A Journey Through the World of Death Fraud







Elizabeth Greenwood



New York Times

'There is but one truly serious philosophical problem,' Camus wrote, 'and that is suicide. Judging whether life is or is not worth living amounts to answering the fundamental question of philosophy.' Camus was silent, as far as I know, on the subject of 'pseudocide,' the term for faking one's own death.

The British politician John Stonehouse did it to escape business failures. Juliet Capulet did it for love. Ken Kesey did it to beat a pot charge.

'How did I end up sweating in the back seat of a Mercedes in the Philippines, driving to obtain evidence of my own death?' Elizabeth Greenwood teases us in the introduction to her book, 'Playing Dead: A Journey Through the World of Death Fraud.' She was 27 at the time, in 2013, and saddled with compounding student debt.

From that coy introduction, Ms. Greenwood leaps into an anecdote-filled history of - and rough primer for - erasing yourself. She shrewdly notes that our fascination with vanishing is only heightened by the 'hypervisibility of our age.' Is it even possible to disappear anymore, she wonders, when every move is monitored, if not by the National Security Agency then by closed-circuit TVs and drones, phones transmitting our coordinates, and obnoxious friends tagging us on Facebook?

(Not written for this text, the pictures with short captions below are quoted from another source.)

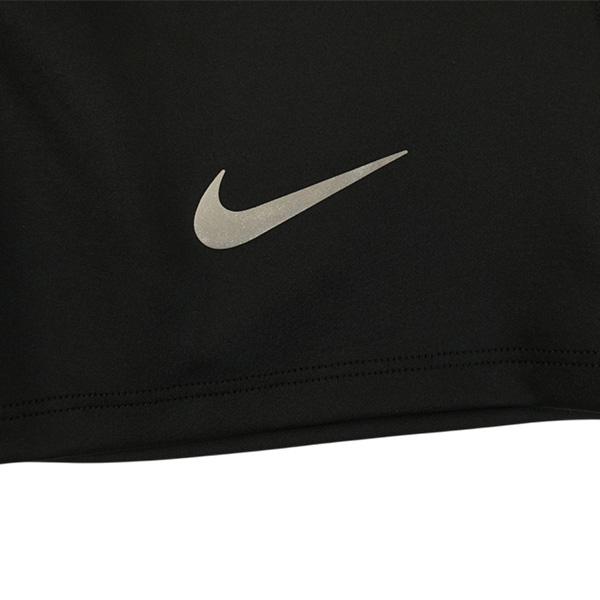 NIKE（ナイキ） 【ネコポス送料無料】 NIKE DF ファスト BF ハーフ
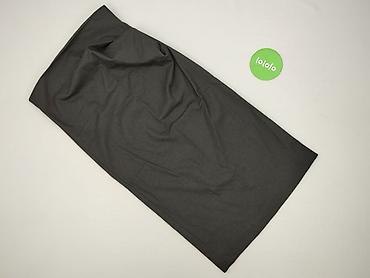 grailed polska: Zara, Spódnica damska, rozmiar M — 3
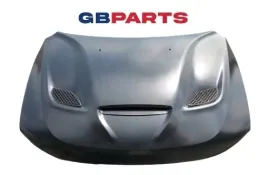maska-pokrywa-silnika-aluminium-dodge-durango-srt-2014-2021-czzusa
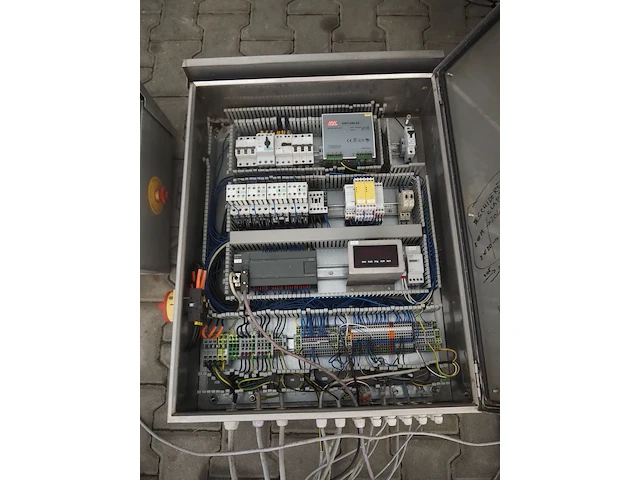 Inotec - afbeelding 8 van  17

To test the waters, she consults with a 'privacy consultant' named Frank Ahearn. 'Frank is in his 50s and resembles a Hells Angel,' she writes. 'The word Freedom is tattooed across his broad shoulders' and he 'uses profanity in a way that borders on Zen poetry.' Mr. Ahearn tells her that he helps people disappear, not fake death, and that the distinction is crucial: It's illegal to file any official paperwork about your fabricated death, but it's perfectly legal (if difficult) to disappear.

One investigator calls staged deaths an 'outlier' in the insurance-fraud game, making up maybe 1 percent of the cases. Ms. Greenwood's research reveals that death fraud is a 'heavily male phenomenon.' Men looking to disappear tend to have money problems; when it's women, they tend to have violent-man problems.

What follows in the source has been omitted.